- **Requirement**
Starting at the line that has "LAND ROVER LR055887" and stopping after the line that has "Gourde - Nike", reproduce the listing below exactly; omit everything else.

- **Given data**
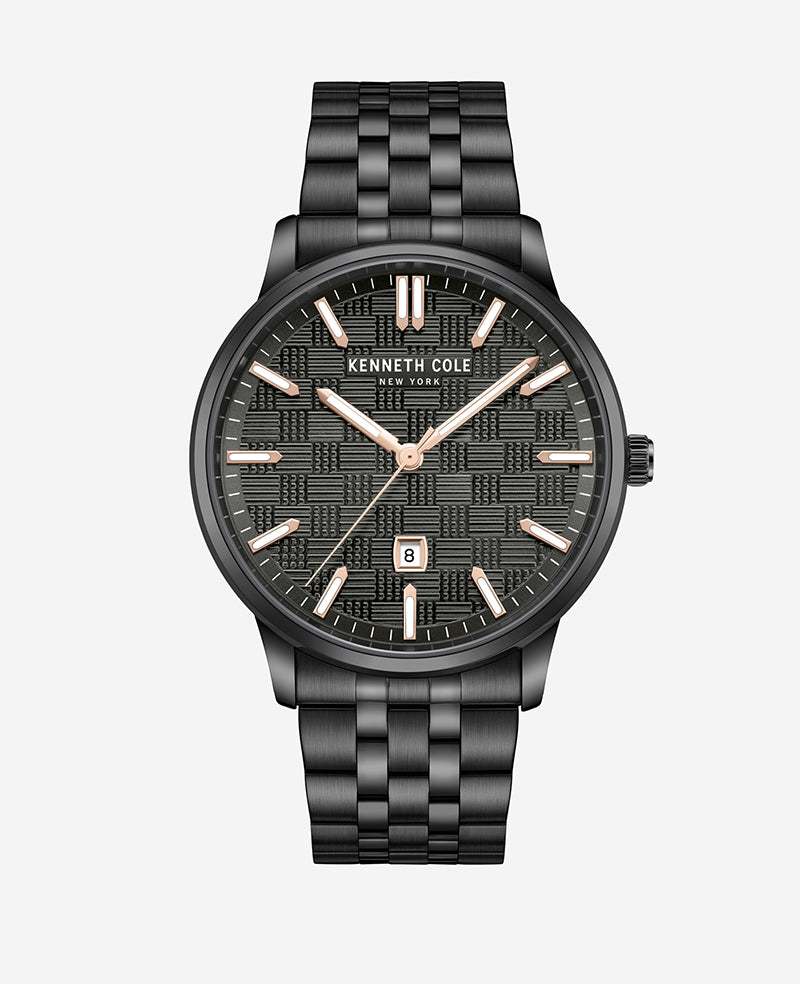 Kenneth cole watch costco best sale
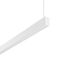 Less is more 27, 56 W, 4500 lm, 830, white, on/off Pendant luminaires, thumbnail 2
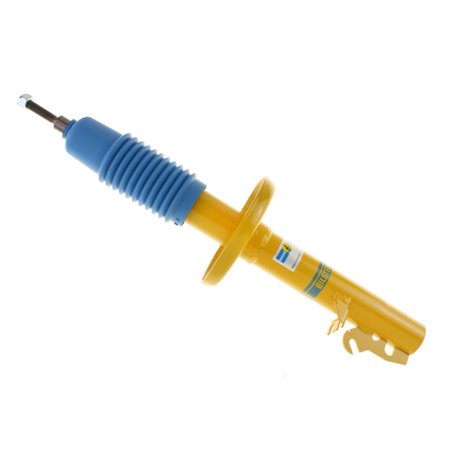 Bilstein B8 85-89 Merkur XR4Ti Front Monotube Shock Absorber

...

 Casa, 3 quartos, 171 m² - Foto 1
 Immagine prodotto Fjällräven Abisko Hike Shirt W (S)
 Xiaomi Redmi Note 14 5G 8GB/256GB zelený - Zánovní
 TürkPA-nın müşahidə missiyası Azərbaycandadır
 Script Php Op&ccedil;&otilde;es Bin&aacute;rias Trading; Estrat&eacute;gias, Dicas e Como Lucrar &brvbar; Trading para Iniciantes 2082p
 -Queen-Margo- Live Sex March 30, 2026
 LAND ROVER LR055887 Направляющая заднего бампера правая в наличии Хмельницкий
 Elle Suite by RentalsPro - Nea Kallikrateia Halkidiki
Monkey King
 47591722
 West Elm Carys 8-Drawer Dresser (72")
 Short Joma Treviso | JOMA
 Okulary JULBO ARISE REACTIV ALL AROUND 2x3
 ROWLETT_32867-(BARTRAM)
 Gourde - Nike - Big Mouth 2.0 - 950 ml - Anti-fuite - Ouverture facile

...

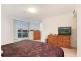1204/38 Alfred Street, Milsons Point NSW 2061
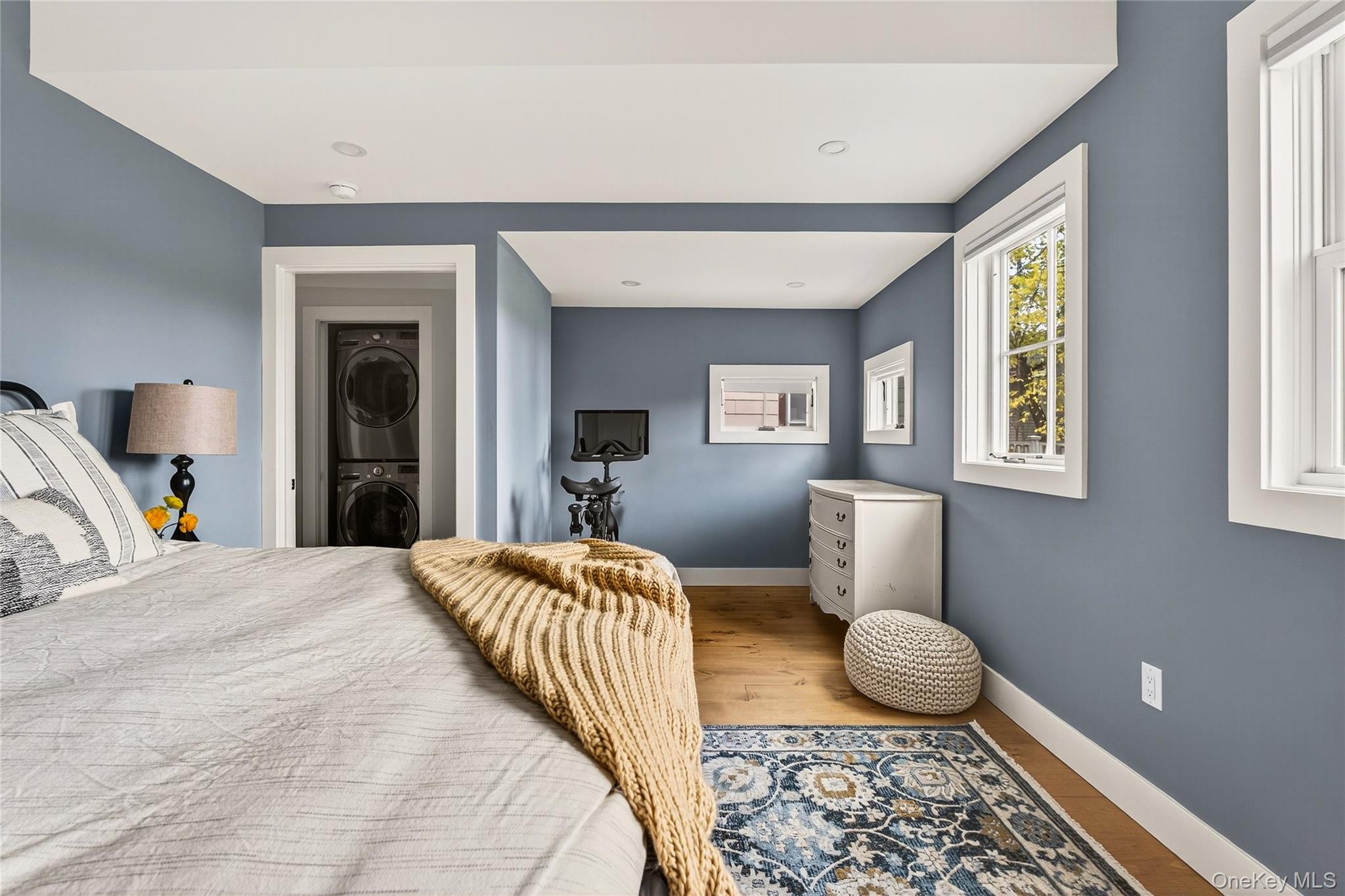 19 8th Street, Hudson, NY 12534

- **Answer space**
 LAND ROVER LR055887 Направляющая заднего бампера правая в наличии Хмельницкий
 Elle Suite by RentalsPro - Nea Kallikrateia Halkidiki
Monkey King
 47591722
 West Elm Carys 8-Drawer Dresser (72")
 Short Joma Treviso | JOMA
 Okulary JULBO ARISE REACTIV ALL AROUND 2x3
 ROWLETT_32867-(BARTRAM)
 Gourde - Nike - Big Mouth 2.0 - 950 ml - Anti-fuite - Ouverture facile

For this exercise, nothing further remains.